Short career summary on Dave Dudley
Dave Dudley was an American country singer known for his several songs about trucks and truckers. A former baseball player, he was sidetracked to doing music after his arm was injured. He first appeared on the chart with “Maybe I Do” on the country chart during the 60 music scene. He would then attain a string of major country hits from then on until the 1970s including: “Six Days On The Road” (his signature song), “Cowboy Boots,” “Last Day In The Mines,” “Mad,” “Truck Drivin’ Son-of-a-Gun,” “What We’re Fighting Fore,” “There Ain’t No Easy Run” “George (And The North Woods),” “Please Let Me Prove (My Love For You),” “The Pool Shark,” “Comin’ Down,” “Fly Away Again,” among others. By the late 1970s, Dudley’s chart appeal began to wane, although he remained a strong concert draw. Dudley died of a heart attack at his home in Wisconsin, in 2003. He was 75. His songs will forever linger in the hearts of country and oldies music lovers.
Early life, sports and music career
American country singer-songwriter Dave Dudley was born David Darwin Pedruska in Spencer, Wisconsin on May 3, 1928. His initial ambition was to become a baseball player; he actually played as a semi-professional baseball player. However, after suffering an arm injury, he could no longer play the sport and so his solace turned to music.
Eventually, this hobby formed a new ambition in Dudley who now wanted to pursue a career in music. He was among the artists he cut records for the National Recording Corporation, with “Where’s There’s a Will” in 1959.
Dudley’s first charting single was “Maybe I Do” which landed at #28 peak position on the country singles chart in 1961.
Biggest hit with “Six Days on the Road”
Dudley’s achieved his biggest hit in 1963 with “Six Days on the Road,” written by Earl Greene and Carl “Peanut” Montgomery. Released on Golden Wing label, the single went to #32 on the Billboard Hot 100, #13 on the adult contemporary singles chart, and #2 on the country singles chart that year. “Six Days on the Road” garnered a million copies, and was awarde with a gold disc. A song about the lives, hardships and loneliness of country truck drivers. That paved the way for Dudley to eventually attain fame for his themes about country truck drivers.
Continued success on the country charts
In 1963 Dudley signed to Mercury Records, and at the end of the year he released his first single on Mercury, “Last Days in the Mines,” which peaked at #7 on the country singles chart (#125 pop).
While Dudley’s pop chart appeal beginning to wane, he continued to have success on the country singles charts well into then 1960s and 1970s, while still remaining on Mercury. He even had a streak of country Top 10 singles, proving how successful he still was in that field.
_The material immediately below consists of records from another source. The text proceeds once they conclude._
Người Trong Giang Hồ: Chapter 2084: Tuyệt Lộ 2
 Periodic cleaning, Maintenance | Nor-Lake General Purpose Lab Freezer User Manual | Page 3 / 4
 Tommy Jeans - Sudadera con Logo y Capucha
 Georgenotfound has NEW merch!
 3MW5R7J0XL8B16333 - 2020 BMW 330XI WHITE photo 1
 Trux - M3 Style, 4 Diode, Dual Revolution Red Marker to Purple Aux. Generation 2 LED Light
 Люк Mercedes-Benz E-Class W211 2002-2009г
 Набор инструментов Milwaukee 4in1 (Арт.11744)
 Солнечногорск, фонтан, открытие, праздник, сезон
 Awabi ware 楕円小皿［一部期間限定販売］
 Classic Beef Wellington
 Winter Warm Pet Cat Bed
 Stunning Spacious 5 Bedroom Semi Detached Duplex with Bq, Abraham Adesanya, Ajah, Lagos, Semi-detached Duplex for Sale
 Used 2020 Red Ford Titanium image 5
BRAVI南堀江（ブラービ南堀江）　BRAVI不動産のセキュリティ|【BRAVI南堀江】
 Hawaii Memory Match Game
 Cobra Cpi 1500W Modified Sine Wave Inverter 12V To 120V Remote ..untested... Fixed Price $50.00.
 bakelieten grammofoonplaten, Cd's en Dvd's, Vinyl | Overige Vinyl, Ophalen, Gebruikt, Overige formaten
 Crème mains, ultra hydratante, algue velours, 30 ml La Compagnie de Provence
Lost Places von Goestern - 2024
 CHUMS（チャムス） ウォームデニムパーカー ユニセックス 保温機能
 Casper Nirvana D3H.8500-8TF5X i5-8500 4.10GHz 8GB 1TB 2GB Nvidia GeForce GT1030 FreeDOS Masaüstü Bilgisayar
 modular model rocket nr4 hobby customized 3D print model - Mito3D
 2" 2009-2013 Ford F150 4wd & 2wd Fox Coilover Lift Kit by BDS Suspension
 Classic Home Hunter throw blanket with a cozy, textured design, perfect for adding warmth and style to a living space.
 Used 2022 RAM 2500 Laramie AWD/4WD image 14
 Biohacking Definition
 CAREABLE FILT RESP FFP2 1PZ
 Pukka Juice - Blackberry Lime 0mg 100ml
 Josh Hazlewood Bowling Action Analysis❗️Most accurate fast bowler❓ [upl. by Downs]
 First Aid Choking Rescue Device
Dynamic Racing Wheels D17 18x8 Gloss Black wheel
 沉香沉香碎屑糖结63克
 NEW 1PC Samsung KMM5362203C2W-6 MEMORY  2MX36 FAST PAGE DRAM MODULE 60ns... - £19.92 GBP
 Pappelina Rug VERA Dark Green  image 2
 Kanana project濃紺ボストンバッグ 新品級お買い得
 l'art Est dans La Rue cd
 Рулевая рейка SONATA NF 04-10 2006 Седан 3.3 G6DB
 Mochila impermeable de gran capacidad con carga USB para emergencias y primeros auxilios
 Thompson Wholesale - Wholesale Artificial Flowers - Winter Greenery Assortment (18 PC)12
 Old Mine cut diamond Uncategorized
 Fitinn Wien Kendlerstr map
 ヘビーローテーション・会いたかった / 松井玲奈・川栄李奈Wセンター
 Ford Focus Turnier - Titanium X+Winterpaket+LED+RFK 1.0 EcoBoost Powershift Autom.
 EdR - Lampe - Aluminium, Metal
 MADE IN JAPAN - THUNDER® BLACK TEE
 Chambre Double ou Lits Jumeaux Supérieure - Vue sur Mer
These country hits include “Truck Drivin’ Son of Gun,” “What We’re Fighting For,” “Mad,” “Trucker’s Prayer,” “Anything Leaving Town,” “There Ain’t No Easy Run,” “George (And the North Woods),” “Please Let Me Prove (My Love for You),” “The Pool” (his only #1 hit on the country chart, or any chart for that matter), “Comin’ Down,” “Fly Away Again,” and many other minor country hits.
Into the 1980s Dudley continued to record, but only now sporadically. However, he remained a popular concert draw. Because of his of the sensitive and realistic portrayal of the country truck drivers in his songs, he was awarded with a solid gold membership to the “Nashville Teamsters Truck Drivers Union,” where he was also elected. His attempts to revive his career and reclaim the past glory on the charts turned out to be unsuccessful
Dudley died near Danbury, Wisconsin on December 22, 2003, after suffering a heart attack. During his lifetime and career, Dudley recorded over 70 albums.